終わらざる日々...太郎飴

 

 

- 2001年10月29日(月)

誰へあてるともなく。

1:
愛するということの意味を、私は理解します。
それでいて本当には理解しません。
それはあまりに複雑で、困難です。

最初の課程は、与えるということでした。
相手を見るということでした。
何が望まれ、必要とされているのかを知ることでした。
それを、喜びと注意力を持って果たすということでした。

私はそれを学びました。

次の課程は、受け取るということでした。
相手を見るということでした。
何が差し出され、何が贈られているのかを知ることでした。
それを喜びと注意力を持って受け取るということでした。

私はそれを学びました。


2:
ですが、そう。

私は。

私の何を愛されたいのでしょうか。

その、問いが。
その、問いは。執拗で。
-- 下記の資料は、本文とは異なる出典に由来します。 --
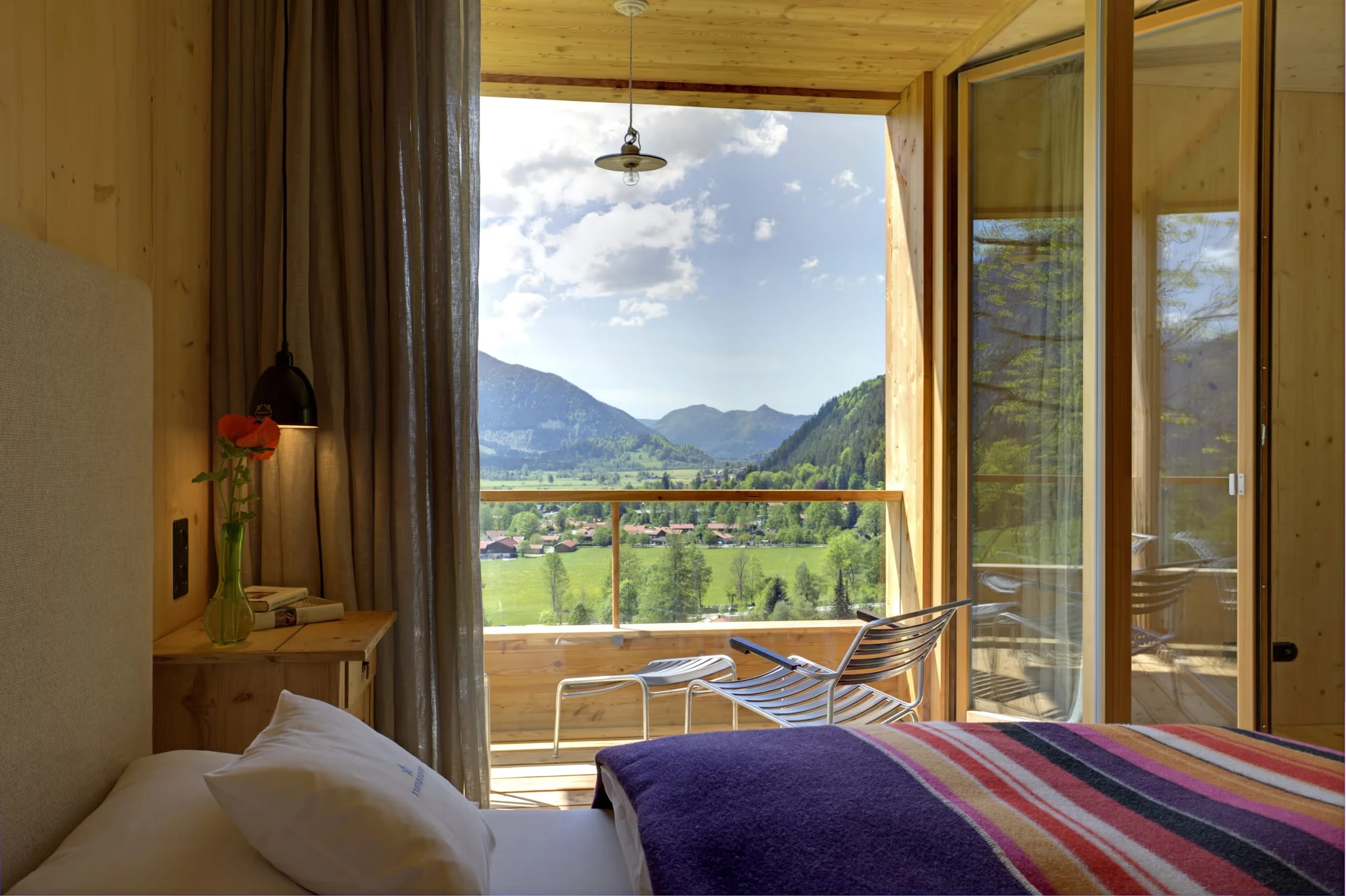 Helles Zimmer im Wiesenturm mit offenem Balkon und weitem Blick auf Tal und Bergpanorama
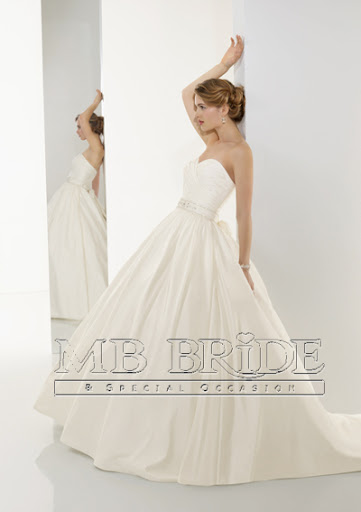 10535 ; Modern Bridal Gown Wedding Dress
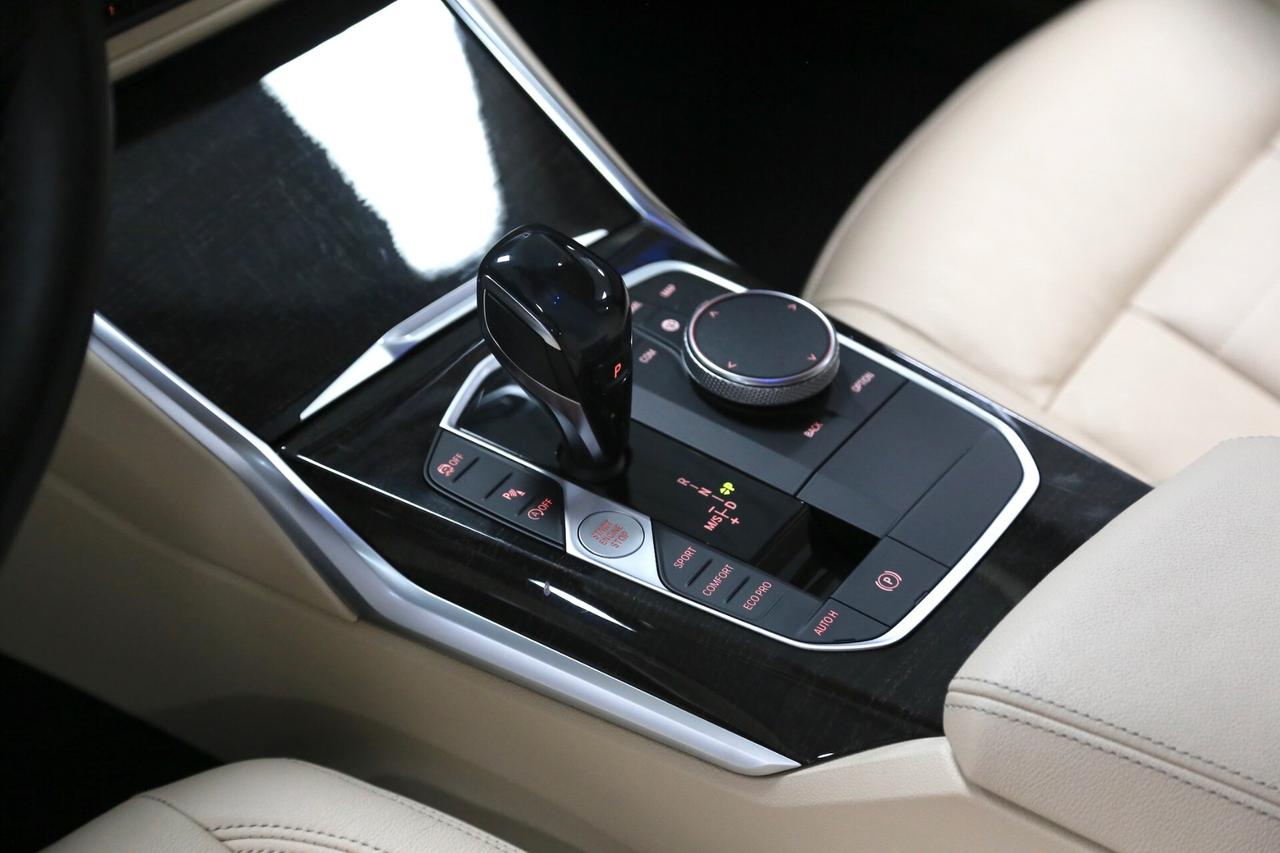 BMW 320d Touring Luxury auto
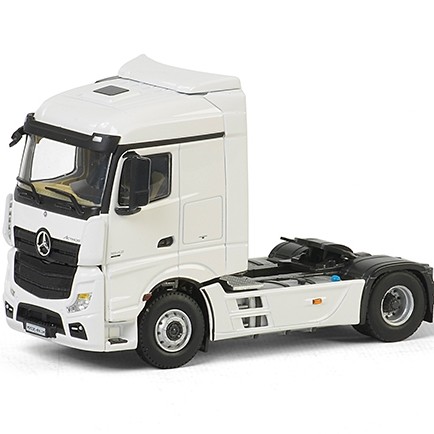 WSI 03-2010 - Mercedes-Benz Actros StreamSpace 4x2 White Prime Mover - Scale 1:50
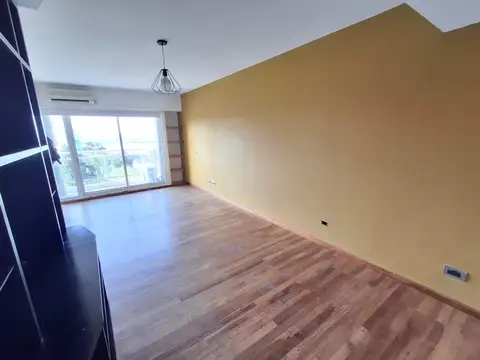 Departamento en alquiler a metros de bv. oroño y el río, rivadavia al 2200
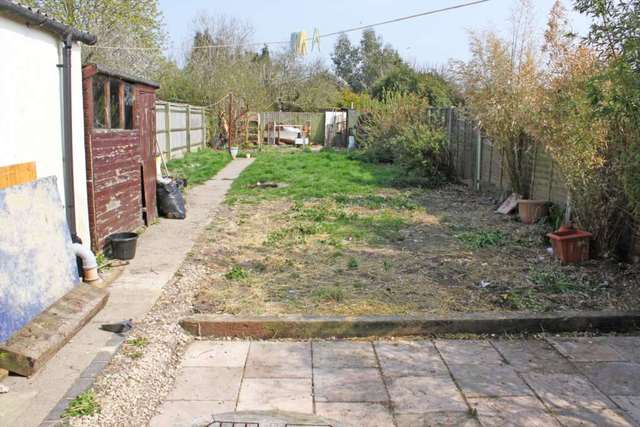  Image of 3 bedroom Semi-Detached house for sale in Abbott Close Didcot OX11 at Abbott Close  Didcot, OX11 8HX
あまりに執拗で。
私を離れないのです。

私があなたにもはや――何も与ええなくなったとき。
私がもはや――あなたから何も受け取れなくなったとき。
そのとき、あなたは。
それらゆえに私を愛したあなたは。

論理的な帰結として私をもはや愛しますまい。


3:
これは信頼の欠如と呼ばれるのでしょうか?

おそらくは。

私は時折、病むことを夢想します。
病み衰え、五体は腐り、苦痛に狂う自分を夢想します。
苦しむ白痴、悪臭を放つ狂人としてあることを夢想します。
そのようにして私が投げ出されることを夢想します。

一つの奈落として前途に見ます。

そしてそこから、振りかえるのです。
いまの私というものを、その視界から見るのです。
そして寂しく「是」と言うのです。

これは信頼の欠如と呼ばれるのでしょうか?
いいえ、これは私の病です。
神のあることを予感しながらも、
それを肯い受け入れることのない私の病です。


4:
私は深く愛することを望むものです。
深く愛されることを望むものです。
自らを誇りとしうるよう努力を惜しまぬものです。

それでも。

けして、私は本当に、愛するということの意味を知りえないのでしょう。
私が知っているのは――

張り詰めた山上の、薄い空気と――
 ――末には野垂れ死ぬであろう、孤独な猛禽の言葉です。